[ENH] Allow anyone to create an application

docs/concepts.md

@@ -101,6 +101,13 @@ Application manager can update an application and the associated groups (add or
 
 Creating or deleting an application requires writer privileges.
 
+### Application creator
+
+The application manager role is defined via the fr.insee.sugoi.api.regexp.role.application.creator property.
+
+Application creator are allowed to create a non existing application."
+
+
 ## Providers
 
 ### Realm config provider

docs/configuration.md

@@ -152,6 +152,10 @@ To learn more about this feature see : [Notify external webservices](concepts.md
 | sugoi.api.event.webhook.mail.secondaryMailAttribute        |                                    Define the attribute where alternative mail for an user will be found                                    |                                            |                                                                                  secondaryMail |
 | sugoi.api.event.webhook.enabled.events                     |  List of events that will be sent by webhook event listener.
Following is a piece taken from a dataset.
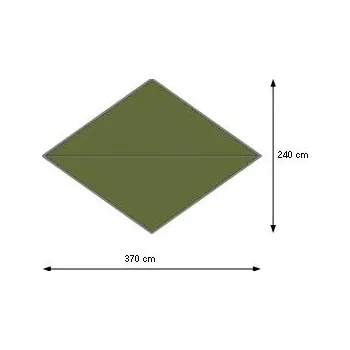 Krycí plachta Jurek Plachta nad hamaku TANE UL S (cedrově zelená)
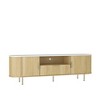 HDZNVF Living Room Floor-standing TV Cabinet, Entertainment Center with Storage Doors, TV Console Media Cabinet - 4 of 4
The only accepted values are SEND_LOGIN, REINIT_PASSWORD and CHANGE_PASSWORD   | SEND_LOGIN,REINIT_PASSWORD,CHANGE_PASSWORD |                                                                     SEND_LOGIN,REINIT_PASSWORD |
 
+### Application manager configuration
+
+| fr.insee.sugoi.api.regexp.role.application.creator | Default pattern to use when searching an application creator in a realm. Realm should be passed as$(realm). | no default | ROLE_SUGOI_$(realm)_APPLICATION_CREATOR |
+
 ### Spring actuator configuration
 
 Sugoi-api implements spring actuator documentation available here : [link](https://docs.spring.io/spring-boot/docs/current/reference/html/production-ready-features.html)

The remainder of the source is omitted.